The Electronic Frontier Foundation's (EFF) primary beef with the DMCA is
the legalization of rights management that gives copyright holders the
ability to dictate how people can listen, read and watch digital files. Two
prominent legal disputes drew the battle lines between the watchdog
organization and media companies.

2600 Magazine, a hacker publication, was barred from posting links to Jon
Johansen's DeCSS decryption application, which allows computer users to
watch DVDs on their PCs. The software breaks the digital security on the
disks, an act that violates the DMCA's anti-circumvention provisions.
Johansen, a Norwegian teenager, was charged with violating his country's
copyright laws and faces two years in prison.

Russian programmer Dimitri Sklyarov faced 25 years in prison after being
arrested in Las Vegas last July. He was released six months later after
being charged with distributing software that broke the copy protection on
electronic books, an act that violated America's DMCA but not his own
country's laws.

The EFF has fought to dismantle the DMCA and now the group is taking the
fight abroad, said Fred von Lohmann, EFF senior staff attorney.

"There are some people that argue that American laws were already compliant
with that law," von Lohmann said. "If you need to crack copy protected
work, you need to make a copy of it first and those reproduction rights
were already protected. But (DMCA author) Bruce Lehman and the other folks
expanded the copyright owner's protections to make the U.S. the banner
carrier for intellectual property.

"The DMCA satisfies the WTC treaty and then goes way beyond its scope. The
U.S. actually adopted the DMCA long before we were required to by
international law and now we're going overseas and telling people they need
to enact a DMCA-like law."

The EFF hopes to head off legislation in other countries since the treaties
offer a general framework that individual countries use to craft national
laws. The EFF has teamed with Electronic Frontier Canada, filed comments in
New Zealand, and worked with England's Eurorights.org as well as with
German groups.

Though 30 countries ratified the treaty, some of the world's biggest
economies are not on board. The European Union (comprising 15 countries,
including Germany and Italy) Japan and China haven't agreed to adopt the
framework.

The large, international, media companies, however, urge that the treaties
not only be ratified but also enforced.

Companies, such as Japan's Sony and Germany's Bertelsmann, have a growing
concern with the international flavor that these lawsuits have taken, said
Neil Turkewitz, the Recording Industry Association of America's executive
vice president and the music industry's representation at the WIPO
gathering in Geneva six years ago.

"Right now, copyright is national," Turkewitz said. "There is no such thing
as international copyright law. It's a little oversimplified, but these
treaties help harmonize the laws and the protections as much as possible.
It will take away the reasons for these companies to be moving around
because there will be a consistent level. The Internet is only as strong as
its weakest link."

Sklyarov wasn't arrested until he came to America, but that could change if
Russia adopts the two treaties. Then, copyright organizations in that
country could go after a programmer like Sklyarov.

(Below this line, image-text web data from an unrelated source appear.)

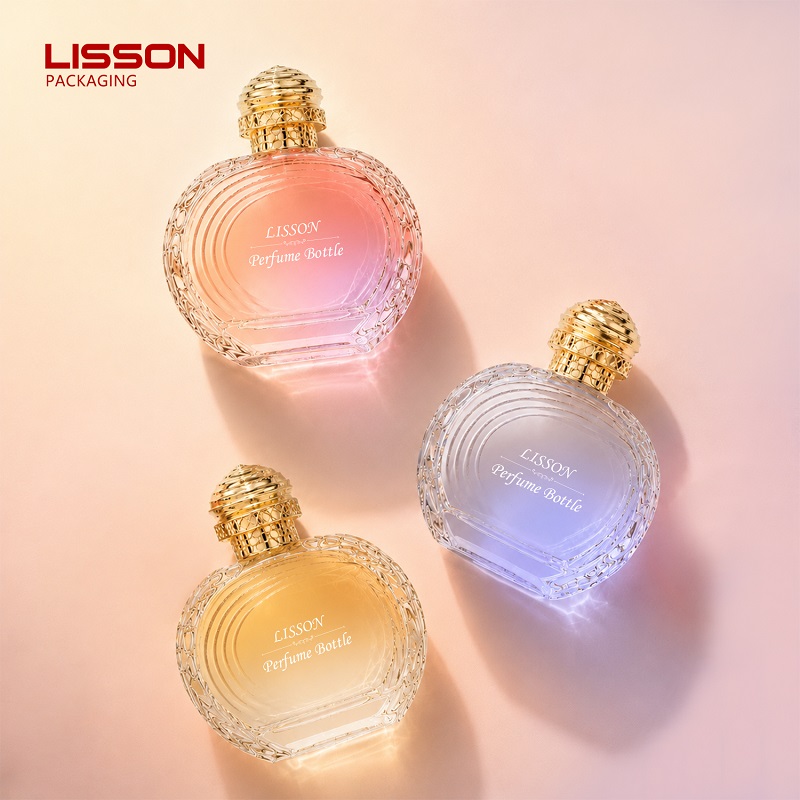 Why Does a Perfume Spray Pump Leak?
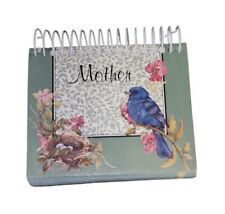 Vintage Chatham1995 Mother Sayings Expression Calendar picture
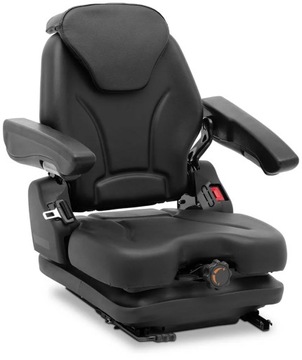 Сиденье, регулируемое кресло с подлокотниками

The agreements would also make it easier to hunt down country hoppers such
as Niklas Zennstrom, the Dutch entrepreneur who licensed decentralized,
file-trading software to United States companies and later sold his company
Kazaa to an Australian investment firm.

Zennstrom faces separate lawsuits in the Netherlands and the United States
that were brought by national music copyright organizations. The
Buma/Stemra, a Dutch copyright watchdog organization, is suing Kazaa for
distributing a software application that allows people to connect to a
file-trading network. In its suit, the RIAA named Consumer Empowerment, the
licensing arm of Zennstrom's company, for selling the software to American
companies.

The reason these treaties need to be enacted, Turkewitz said, is that cases
such as these leave U.S. and Dutch copyright holders with little recourse.
The problem was exacerbated in January when Zennstrom sold Kazaa to Sharman
Networks Limited, a small privately held Australian company.

The new investors remain quiet, making it difficult for authorities to
track them down. However, Internet users still downloaded 2.2 million
applications through Kazaa last week, making it the leading file-trading
service.

That leaves copyright holders trying to coordinate lawsuits against at
least five companies in three countries.

This is a serious problem for record companies that claim piracy caused a
massive decline in album shipments last year, costing the major labels $600
million in sales. The explosive growth of peer-to-peer services and the
increase in CD-burning were the main culprits, said RIAA CEO Hilary Rosen.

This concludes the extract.